• [Try it]: Whenever the word "Live" appears in a line of the data below, copy that line.

• [Crawled caption data]:

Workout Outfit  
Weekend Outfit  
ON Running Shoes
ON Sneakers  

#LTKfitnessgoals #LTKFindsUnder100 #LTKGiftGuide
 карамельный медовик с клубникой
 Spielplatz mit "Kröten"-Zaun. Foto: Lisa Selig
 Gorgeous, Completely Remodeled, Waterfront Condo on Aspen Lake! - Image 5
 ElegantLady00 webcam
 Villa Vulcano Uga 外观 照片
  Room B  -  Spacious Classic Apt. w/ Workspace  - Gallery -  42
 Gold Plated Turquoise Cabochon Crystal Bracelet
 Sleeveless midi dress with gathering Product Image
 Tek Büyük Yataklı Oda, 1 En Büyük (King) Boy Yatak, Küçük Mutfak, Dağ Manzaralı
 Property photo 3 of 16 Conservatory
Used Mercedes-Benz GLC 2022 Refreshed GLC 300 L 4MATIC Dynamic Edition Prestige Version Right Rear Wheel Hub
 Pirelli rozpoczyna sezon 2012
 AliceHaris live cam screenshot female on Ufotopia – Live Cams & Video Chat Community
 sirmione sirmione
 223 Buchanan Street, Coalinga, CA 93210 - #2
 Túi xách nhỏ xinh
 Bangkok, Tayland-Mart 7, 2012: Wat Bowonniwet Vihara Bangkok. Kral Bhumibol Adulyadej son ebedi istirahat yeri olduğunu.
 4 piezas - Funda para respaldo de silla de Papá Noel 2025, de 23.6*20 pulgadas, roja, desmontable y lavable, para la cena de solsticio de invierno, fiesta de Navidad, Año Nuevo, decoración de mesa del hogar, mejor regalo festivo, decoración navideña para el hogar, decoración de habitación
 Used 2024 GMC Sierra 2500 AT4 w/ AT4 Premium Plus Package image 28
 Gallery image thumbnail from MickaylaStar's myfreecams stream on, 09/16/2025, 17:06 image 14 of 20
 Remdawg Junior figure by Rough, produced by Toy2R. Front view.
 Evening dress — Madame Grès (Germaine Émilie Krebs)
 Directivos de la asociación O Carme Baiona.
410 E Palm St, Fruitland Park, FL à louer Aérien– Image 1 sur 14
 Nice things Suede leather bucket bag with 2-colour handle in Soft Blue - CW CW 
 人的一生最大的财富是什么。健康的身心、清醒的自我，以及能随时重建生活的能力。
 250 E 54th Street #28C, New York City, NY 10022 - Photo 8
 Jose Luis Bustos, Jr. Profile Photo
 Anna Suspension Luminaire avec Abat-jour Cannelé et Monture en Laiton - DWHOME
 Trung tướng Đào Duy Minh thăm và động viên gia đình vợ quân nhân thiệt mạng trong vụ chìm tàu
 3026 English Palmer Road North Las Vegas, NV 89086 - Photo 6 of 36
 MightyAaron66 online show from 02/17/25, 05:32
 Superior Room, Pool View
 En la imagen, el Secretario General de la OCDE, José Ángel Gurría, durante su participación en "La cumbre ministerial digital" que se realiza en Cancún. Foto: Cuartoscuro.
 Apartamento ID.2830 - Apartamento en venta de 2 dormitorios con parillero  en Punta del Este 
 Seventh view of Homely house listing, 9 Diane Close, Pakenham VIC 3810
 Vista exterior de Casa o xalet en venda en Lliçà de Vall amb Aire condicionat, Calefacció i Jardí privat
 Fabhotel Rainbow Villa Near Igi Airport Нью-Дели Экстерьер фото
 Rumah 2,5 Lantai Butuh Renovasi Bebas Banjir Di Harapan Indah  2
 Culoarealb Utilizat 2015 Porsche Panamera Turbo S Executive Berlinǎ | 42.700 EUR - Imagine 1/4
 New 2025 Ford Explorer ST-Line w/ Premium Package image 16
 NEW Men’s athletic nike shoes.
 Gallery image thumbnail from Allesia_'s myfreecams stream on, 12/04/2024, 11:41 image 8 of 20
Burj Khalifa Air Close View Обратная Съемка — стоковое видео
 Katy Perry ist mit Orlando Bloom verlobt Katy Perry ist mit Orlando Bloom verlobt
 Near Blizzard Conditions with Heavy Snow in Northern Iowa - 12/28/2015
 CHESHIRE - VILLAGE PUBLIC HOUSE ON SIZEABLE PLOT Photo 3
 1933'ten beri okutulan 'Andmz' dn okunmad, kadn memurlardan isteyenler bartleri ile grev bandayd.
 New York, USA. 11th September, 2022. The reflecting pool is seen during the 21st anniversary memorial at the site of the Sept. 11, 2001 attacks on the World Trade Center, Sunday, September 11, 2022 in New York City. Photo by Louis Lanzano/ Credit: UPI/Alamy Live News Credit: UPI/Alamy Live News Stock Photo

• [Task response]:
 AliceHaris live cam screenshot female on Ufotopia – Live Cams & Video Chat Community
 New York, USA. 11th September, 2022. The reflecting pool is seen during the 21st anniversary memorial at the site of the Sept. 11, 2001 attacks on the World Trade Center, Sunday, September 11, 2022 in New York City. Photo by Louis Lanzano/ Credit: UPI/Alamy Live News Credit: UPI/Alamy Live News Stock Photo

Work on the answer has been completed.